*** Opening EXERCISE DATA ***
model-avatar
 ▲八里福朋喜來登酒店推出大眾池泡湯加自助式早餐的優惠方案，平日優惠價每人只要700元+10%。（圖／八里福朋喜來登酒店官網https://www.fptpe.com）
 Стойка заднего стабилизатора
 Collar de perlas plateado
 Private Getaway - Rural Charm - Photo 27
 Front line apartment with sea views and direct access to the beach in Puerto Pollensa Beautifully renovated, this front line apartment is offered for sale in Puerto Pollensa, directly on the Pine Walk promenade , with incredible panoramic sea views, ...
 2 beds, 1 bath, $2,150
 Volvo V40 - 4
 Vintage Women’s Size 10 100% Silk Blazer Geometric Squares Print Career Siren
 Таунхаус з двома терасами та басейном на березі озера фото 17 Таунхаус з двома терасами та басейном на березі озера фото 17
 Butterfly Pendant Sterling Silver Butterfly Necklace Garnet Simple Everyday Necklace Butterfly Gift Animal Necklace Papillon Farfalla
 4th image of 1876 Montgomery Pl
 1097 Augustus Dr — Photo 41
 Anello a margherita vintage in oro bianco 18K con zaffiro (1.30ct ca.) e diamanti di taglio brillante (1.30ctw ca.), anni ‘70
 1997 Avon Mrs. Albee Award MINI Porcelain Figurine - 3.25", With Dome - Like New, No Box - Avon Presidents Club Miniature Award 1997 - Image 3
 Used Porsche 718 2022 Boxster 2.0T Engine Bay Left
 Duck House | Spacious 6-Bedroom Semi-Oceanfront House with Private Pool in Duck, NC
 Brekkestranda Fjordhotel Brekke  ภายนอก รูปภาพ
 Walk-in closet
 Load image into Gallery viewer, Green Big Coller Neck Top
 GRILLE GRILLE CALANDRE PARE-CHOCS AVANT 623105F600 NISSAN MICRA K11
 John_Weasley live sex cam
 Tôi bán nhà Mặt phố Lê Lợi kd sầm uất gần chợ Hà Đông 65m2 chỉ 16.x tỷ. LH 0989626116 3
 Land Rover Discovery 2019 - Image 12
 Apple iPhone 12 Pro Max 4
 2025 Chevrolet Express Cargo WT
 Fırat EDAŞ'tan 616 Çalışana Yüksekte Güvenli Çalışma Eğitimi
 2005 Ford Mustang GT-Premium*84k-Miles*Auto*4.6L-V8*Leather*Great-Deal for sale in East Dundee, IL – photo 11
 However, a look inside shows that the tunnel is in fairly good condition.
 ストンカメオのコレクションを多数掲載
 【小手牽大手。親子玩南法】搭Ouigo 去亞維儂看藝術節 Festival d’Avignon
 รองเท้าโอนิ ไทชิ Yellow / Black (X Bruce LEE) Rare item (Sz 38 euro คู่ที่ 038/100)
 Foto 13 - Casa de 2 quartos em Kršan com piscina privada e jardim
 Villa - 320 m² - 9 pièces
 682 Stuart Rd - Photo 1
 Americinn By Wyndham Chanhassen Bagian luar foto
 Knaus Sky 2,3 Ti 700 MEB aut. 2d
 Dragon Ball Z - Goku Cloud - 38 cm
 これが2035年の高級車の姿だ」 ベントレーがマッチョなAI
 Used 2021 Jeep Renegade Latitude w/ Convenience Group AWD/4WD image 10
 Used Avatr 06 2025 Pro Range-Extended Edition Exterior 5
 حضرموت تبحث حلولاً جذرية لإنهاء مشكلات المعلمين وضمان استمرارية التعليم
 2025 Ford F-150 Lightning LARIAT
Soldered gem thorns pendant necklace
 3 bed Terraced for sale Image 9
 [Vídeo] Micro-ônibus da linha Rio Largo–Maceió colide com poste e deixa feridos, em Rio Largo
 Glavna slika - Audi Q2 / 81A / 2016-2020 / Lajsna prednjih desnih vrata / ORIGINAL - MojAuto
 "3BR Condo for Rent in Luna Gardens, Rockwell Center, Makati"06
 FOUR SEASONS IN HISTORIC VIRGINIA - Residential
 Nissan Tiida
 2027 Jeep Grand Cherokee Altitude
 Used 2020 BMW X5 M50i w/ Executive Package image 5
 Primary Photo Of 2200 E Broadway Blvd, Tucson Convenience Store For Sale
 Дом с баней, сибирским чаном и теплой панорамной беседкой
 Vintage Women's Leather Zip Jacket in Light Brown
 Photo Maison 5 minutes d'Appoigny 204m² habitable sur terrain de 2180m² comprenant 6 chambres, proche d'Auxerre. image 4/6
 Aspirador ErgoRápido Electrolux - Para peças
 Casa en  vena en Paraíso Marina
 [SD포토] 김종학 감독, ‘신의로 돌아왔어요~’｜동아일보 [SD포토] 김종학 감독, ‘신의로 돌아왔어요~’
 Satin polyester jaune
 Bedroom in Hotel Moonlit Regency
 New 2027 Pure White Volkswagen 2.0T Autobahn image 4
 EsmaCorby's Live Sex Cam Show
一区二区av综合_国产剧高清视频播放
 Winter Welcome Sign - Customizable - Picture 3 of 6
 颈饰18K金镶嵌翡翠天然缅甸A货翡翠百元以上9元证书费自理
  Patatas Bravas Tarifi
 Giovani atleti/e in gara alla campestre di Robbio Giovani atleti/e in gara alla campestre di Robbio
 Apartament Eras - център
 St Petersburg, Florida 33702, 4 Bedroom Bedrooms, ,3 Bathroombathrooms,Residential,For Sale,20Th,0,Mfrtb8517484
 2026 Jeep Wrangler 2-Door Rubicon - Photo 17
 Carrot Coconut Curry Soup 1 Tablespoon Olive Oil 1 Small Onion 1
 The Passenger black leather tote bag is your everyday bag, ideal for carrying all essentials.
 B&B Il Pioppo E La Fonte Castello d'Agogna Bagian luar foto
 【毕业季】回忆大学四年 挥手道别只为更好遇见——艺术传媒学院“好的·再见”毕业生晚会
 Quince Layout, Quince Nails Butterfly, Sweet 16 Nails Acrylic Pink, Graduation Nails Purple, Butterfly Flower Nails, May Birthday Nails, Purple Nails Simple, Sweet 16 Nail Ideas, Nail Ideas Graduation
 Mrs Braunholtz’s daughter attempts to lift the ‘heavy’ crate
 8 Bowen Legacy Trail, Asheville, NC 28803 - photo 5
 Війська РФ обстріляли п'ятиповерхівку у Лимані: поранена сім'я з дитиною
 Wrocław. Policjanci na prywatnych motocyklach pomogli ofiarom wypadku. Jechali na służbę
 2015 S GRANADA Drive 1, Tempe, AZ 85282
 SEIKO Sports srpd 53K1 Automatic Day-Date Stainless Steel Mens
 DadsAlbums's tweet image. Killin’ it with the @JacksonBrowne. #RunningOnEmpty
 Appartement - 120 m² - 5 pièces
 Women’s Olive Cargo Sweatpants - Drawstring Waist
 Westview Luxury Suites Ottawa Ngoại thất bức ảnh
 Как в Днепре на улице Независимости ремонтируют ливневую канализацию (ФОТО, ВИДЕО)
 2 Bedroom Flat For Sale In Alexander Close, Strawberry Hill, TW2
*** Closing EXERCISE DATA ***
**PROBLEM STATEMENT**
Reproduce the listing above in full, word for word.

**SOLUTION FOR THIS EXERCISE**
model-avatar
 ▲八里福朋喜來登酒店推出大眾池泡湯加自助式早餐的優惠方案，平日優惠價每人只要700元+10%。（圖／八里福朋喜來登酒店官網https://www.fptpe.com）
 Стойка заднего стабилизатора
 Collar de perlas plateado
 Private Getaway - Rural Charm - Photo 27
 Front line apartment with sea views and direct access to the beach in Puerto Pollensa Beautifully renovated, this front line apartment is offered for sale in Puerto Pollensa, directly on the Pine Walk promenade , with incredible panoramic sea views, ...
 2 beds, 1 bath, $2,150
 Volvo V40 - 4
 Vintage Women’s Size 10 100% Silk Blazer Geometric Squares Print Career Siren
 Таунхаус з двома терасами та басейном на березі озера фото 17 Таунхаус з двома терасами та басейном на березі озера фото 17
 Butterfly Pendant Sterling Silver Butterfly Necklace Garnet Simple Everyday Necklace Butterfly Gift Animal Necklace Papillon Farfalla
 4th image of 1876 Montgomery Pl
 1097 Augustus Dr — Photo 41
 Anello a margherita vintage in oro bianco 18K con zaffiro (1.30ct ca.) e diamanti di taglio brillante (1.30ctw ca.), anni ‘70
 1997 Avon Mrs. Albee Award MINI Porcelain Figurine - 3.25", With Dome - Like New, No Box - Avon Presidents Club Miniature Award 1997 - Image 3
 Used Porsche 718 2022 Boxster 2.0T Engine Bay Left
 Duck House | Spacious 6-Bedroom Semi-Oceanfront House with Private Pool in Duck, NC
 Brekkestranda Fjordhotel Brekke  ภายนอก รูปภาพ
 Walk-in closet
 Load image into Gallery viewer, Green Big Coller Neck Top
 GRILLE GRILLE CALANDRE PARE-CHOCS AVANT 623105F600 NISSAN MICRA K11
 John_Weasley live sex cam
 Tôi bán nhà Mặt phố Lê Lợi kd sầm uất gần chợ Hà Đông 65m2 chỉ 16.x tỷ. LH 0989626116 3
 Land Rover Discovery 2019 - Image 12
 Apple iPhone 12 Pro Max 4
 2025 Chevrolet Express Cargo WT
 Fırat EDAŞ'tan 616 Çalışana Yüksekte Güvenli Çalışma Eğitimi
 2005 Ford Mustang GT-Premium*84k-Miles*Auto*4.6L-V8*Leather*Great-Deal for sale in East Dundee, IL – photo 11
 However, a look inside shows that the tunnel is in fairly good condition.
 ストンカメオのコレクションを多数掲載
 【小手牽大手。親子玩南法】搭Ouigo 去亞維儂看藝術節 Festival d’Avignon
 รองเท้าโอนิ ไทชิ Yellow / Black (X Bruce LEE) Rare item (Sz 38 euro คู่ที่ 038/100)
 Foto 13 - Casa de 2 quartos em Kršan com piscina privada e jardim
 Villa - 320 m² - 9 pièces
 682 Stuart Rd - Photo 1
 Americinn By Wyndham Chanhassen Bagian luar foto
 Knaus Sky 2,3 Ti 700 MEB aut. 2d
 Dragon Ball Z - Goku Cloud - 38 cm
 これが2035年の高級車の姿だ」 ベントレーがマッチョなAI
 Used 2021 Jeep Renegade Latitude w/ Convenience Group AWD/4WD image 10
 Used Avatr 06 2025 Pro Range-Extended Edition Exterior 5
 حضرموت تبحث حلولاً جذرية لإنهاء مشكلات المعلمين وضمان استمرارية التعليم
 2025 Ford F-150 Lightning LARIAT
Soldered gem thorns pendant necklace
 3 bed Terraced for sale Image 9
 [Vídeo] Micro-ônibus da linha Rio Largo–Maceió colide com poste e deixa feridos, em Rio Largo
 Glavna slika - Audi Q2 / 81A / 2016-2020 / Lajsna prednjih desnih vrata / ORIGINAL - MojAuto
 "3BR Condo for Rent in Luna Gardens, Rockwell Center, Makati"06
 FOUR SEASONS IN HISTORIC VIRGINIA - Residential
 Nissan Tiida
 2027 Jeep Grand Cherokee Altitude
 Used 2020 BMW X5 M50i w/ Executive Package image 5
 Primary Photo Of 2200 E Broadway Blvd, Tucson Convenience Store For Sale
 Дом с баней, сибирским чаном и теплой панорамной беседкой
 Vintage Women's Leather Zip Jacket in Light Brown
 Photo Maison 5 minutes d'Appoigny 204m² habitable sur terrain de 2180m² comprenant 6 chambres, proche d'Auxerre. image 4/6
 Aspirador ErgoRápido Electrolux - Para peças
 Casa en  vena en Paraíso Marina
 [SD포토] 김종학 감독, ‘신의로 돌아왔어요~’｜동아일보 [SD포토] 김종학 감독, ‘신의로 돌아왔어요~’
 Satin polyester jaune
 Bedroom in Hotel Moonlit Regency
 New 2027 Pure White Volkswagen 2.0T Autobahn image 4
 EsmaCorby's Live Sex Cam Show
一区二区av综合_国产剧高清视频播放
 Winter Welcome Sign - Customizable - Picture 3 of 6
 颈饰18K金镶嵌翡翠天然缅甸A货翡翠百元以上9元证书费自理
  Patatas Bravas Tarifi
 Giovani atleti/e in gara alla campestre di Robbio Giovani atleti/e in gara alla campestre di Robbio
 Apartament Eras - център
 St Petersburg, Florida 33702, 4 Bedroom Bedrooms, ,3 Bathroombathrooms,Residential,For Sale,20Th,0,Mfrtb8517484
 2026 Jeep Wrangler 2-Door Rubicon - Photo 17
 Carrot Coconut Curry Soup 1 Tablespoon Olive Oil 1 Small Onion 1
 The Passenger black leather tote bag is your everyday bag, ideal for carrying all essentials.
 B&B Il Pioppo E La Fonte Castello d'Agogna Bagian luar foto
 【毕业季】回忆大学四年 挥手道别只为更好遇见——艺术传媒学院“好的·再见”毕业生晚会
 Quince Layout, Quince Nails Butterfly, Sweet 16 Nails Acrylic Pink, Graduation Nails Purple, Butterfly Flower Nails, May Birthday Nails, Purple Nails Simple, Sweet 16 Nail Ideas, Nail Ideas Graduation
 Mrs Braunholtz’s daughter attempts to lift the ‘heavy’ crate
 8 Bowen Legacy Trail, Asheville, NC 28803 - photo 5
 Війська РФ обстріляли п'ятиповерхівку у Лимані: поранена сім'я з дитиною
 Wrocław. Policjanci na prywatnych motocyklach pomogli ofiarom wypadku. Jechali na służbę
 2015 S GRANADA Drive 1, Tempe, AZ 85282
 SEIKO Sports srpd 53K1 Automatic Day-Date Stainless Steel Mens
 DadsAlbums's tweet image. Killin’ it with the @JacksonBrowne. #RunningOnEmpty
 Appartement - 120 m² - 5 pièces
 Women’s Olive Cargo Sweatpants - Drawstring Waist
 Westview Luxury Suites Ottawa Ngoại thất bức ảnh
 Как в Днепре на улице Независимости ремонтируют ливневую канализацию (ФОТО, ВИДЕО)
 2 Bedroom Flat For Sale In Alexander Close, Strawberry Hill, TW2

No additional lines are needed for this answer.